Holiday history has changed since the stock market began. Martin Luther King, Jr., Day, for instance, became a national holiday in 1986, but the stock exchanges only began closing for this holiday in 1998. Memorial Day originally was observed on May 30 instead of the last Monday in May.
World War I
When World War I began in 1914, the only U.S. stock market was the New York Stock Exchange, and it closed for nearly five months. The NYSE also halted trading for two days after the end of World War II to celebrate victory.
Funerals and Assassinations
The markets close for funerals of former presidents, and also closed for the funeral of Martin Luther King, Jr., on Apr. 9, 1968. They closed for the rest of the day after John F. Kennedy was shot on November 22, 1963, and for the rest of the day after the assassination attempt on Ronald Reagan on Mar. 30, 1981.
After the September 11, 2001 attack on the World Trade Center, the stock markets stopped trading until September 17.

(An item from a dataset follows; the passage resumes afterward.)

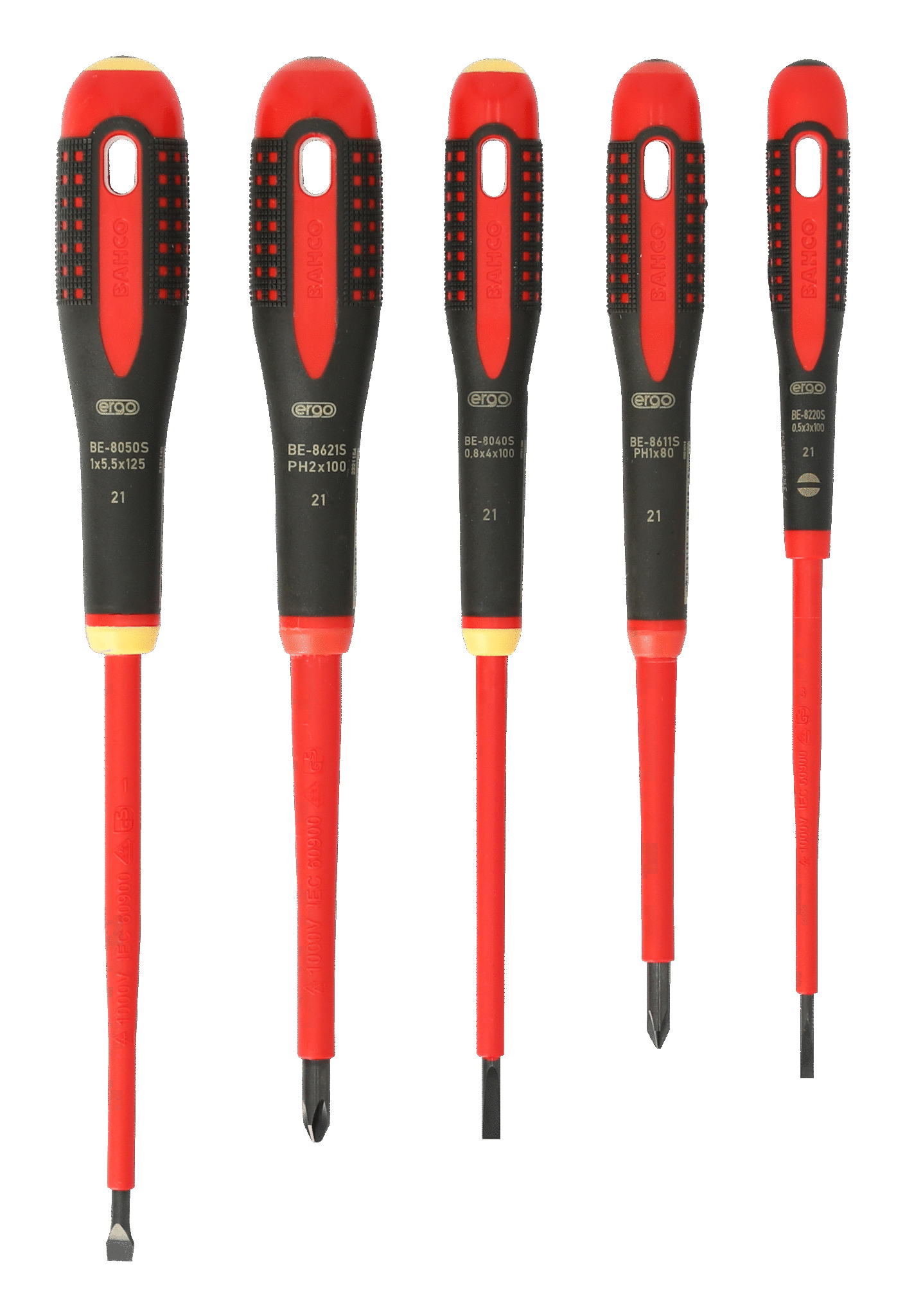 ERGO™ VDE Insulated Slotted and Phillips Screwdriver Set with 3-Component Handle 5 Pcs - 9881S by Bahco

Additionally, the stock market has safeguards called circuit breakers, originally designed to halt trading after specific point drops in the Dow Jones Industrial Average during a single day. This point-drop rule caused trading to stop on Oct. 27, 1997, even though the decrease was only about 7 percent. The rule was subsequently changed to respond to percentage drops rather than point drops.
The markets have also closed due to bad weather. They have closed early or opened late on occasion because of snowstorms, for instance, and were closed on Sept. 27, 1985 because of Hurricane Gloria.